■ **TASK REQUIREMENTS**
Print the listing in full, with no character changed.

■ **SOURCE DATA**
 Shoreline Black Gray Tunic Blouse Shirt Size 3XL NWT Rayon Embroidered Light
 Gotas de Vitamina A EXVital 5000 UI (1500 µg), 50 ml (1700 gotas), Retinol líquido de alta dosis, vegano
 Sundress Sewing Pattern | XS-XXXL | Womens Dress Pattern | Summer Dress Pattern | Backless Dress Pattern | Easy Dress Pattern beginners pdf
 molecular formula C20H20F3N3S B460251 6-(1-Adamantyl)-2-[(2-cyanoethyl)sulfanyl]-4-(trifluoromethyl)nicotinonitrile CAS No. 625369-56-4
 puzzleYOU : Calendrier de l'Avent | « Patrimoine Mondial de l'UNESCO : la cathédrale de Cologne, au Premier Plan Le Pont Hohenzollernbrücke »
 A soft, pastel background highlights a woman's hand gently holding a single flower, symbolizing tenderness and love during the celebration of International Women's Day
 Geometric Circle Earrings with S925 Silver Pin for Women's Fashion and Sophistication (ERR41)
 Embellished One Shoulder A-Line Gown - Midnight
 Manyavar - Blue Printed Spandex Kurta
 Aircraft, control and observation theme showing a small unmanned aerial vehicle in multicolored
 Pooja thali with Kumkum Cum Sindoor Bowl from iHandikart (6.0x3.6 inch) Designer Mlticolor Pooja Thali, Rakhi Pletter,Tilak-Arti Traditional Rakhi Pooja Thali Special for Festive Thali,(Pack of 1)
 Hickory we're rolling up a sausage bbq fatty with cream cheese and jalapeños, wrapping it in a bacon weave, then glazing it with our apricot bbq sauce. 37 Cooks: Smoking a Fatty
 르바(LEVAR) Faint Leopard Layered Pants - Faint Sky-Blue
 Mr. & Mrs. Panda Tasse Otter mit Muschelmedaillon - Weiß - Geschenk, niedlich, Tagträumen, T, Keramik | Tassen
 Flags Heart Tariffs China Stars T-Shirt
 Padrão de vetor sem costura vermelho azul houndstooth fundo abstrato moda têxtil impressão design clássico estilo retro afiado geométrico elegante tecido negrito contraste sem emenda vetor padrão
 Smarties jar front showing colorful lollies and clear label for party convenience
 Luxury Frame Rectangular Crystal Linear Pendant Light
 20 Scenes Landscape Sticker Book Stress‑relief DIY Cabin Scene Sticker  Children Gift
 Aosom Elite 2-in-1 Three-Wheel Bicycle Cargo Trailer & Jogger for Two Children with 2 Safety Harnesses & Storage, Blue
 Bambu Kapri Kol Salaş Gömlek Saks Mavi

■ **EXPECTED ANSWER**
 Shoreline Black Gray Tunic Blouse Shirt Size 3XL NWT Rayon Embroidered Light
 Gotas de Vitamina A EXVital 5000 UI (1500 µg), 50 ml (1700 gotas), Retinol líquido de alta dosis, vegano
 Sundress Sewing Pattern | XS-XXXL | Womens Dress Pattern | Summer Dress Pattern | Backless Dress Pattern | Easy Dress Pattern beginners pdf
 molecular formula C20H20F3N3S B460251 6-(1-Adamantyl)-2-[(2-cyanoethyl)sulfanyl]-4-(trifluoromethyl)nicotinonitrile CAS No. 625369-56-4
 puzzleYOU : Calendrier de l'Avent | « Patrimoine Mondial de l'UNESCO : la cathédrale de Cologne, au Premier Plan Le Pont Hohenzollernbrücke »
 A soft, pastel background highlights a woman's hand gently holding a single flower, symbolizing tenderness and love during the celebration of International Women's Day
 Geometric Circle Earrings with S925 Silver Pin for Women's Fashion and Sophistication (ERR41)
 Embellished One Shoulder A-Line Gown - Midnight
 Manyavar - Blue Printed Spandex Kurta
 Aircraft, control and observation theme showing a small unmanned aerial vehicle in multicolored
 Pooja thali with Kumkum Cum Sindoor Bowl from iHandikart (6.0x3.6 inch) Designer Mlticolor Pooja Thali, Rakhi Pletter,Tilak-Arti Traditional Rakhi Pooja Thali Special for Festive Thali,(Pack of 1)
 Hickory we're rolling up a sausage bbq fatty with cream cheese and jalapeños, wrapping it in a bacon weave, then glazing it with our apricot bbq sauce. 37 Cooks: Smoking a Fatty
 르바(LEVAR) Faint Leopard Layered Pants - Faint Sky-Blue
 Mr. & Mrs. Panda Tasse Otter mit Muschelmedaillon - Weiß - Geschenk, niedlich, Tagträumen, T, Keramik | Tassen
 Flags Heart Tariffs China Stars T-Shirt
 Padrão de vetor sem costura vermelho azul houndstooth fundo abstrato moda têxtil impressão design clássico estilo retro afiado geométrico elegante tecido negrito contraste sem emenda vetor padrão
 Smarties jar front showing colorful lollies and clear label for party convenience
 Luxury Frame Rectangular Crystal Linear Pendant Light
 20 Scenes Landscape Sticker Book Stress‑relief DIY Cabin Scene Sticker  Children Gift
 Aosom Elite 2-in-1 Three-Wheel Bicycle Cargo Trailer & Jogger for Two Children with 2 Safety Harnesses & Storage, Blue
 Bambu Kapri Kol Salaş Gömlek Saks Mavi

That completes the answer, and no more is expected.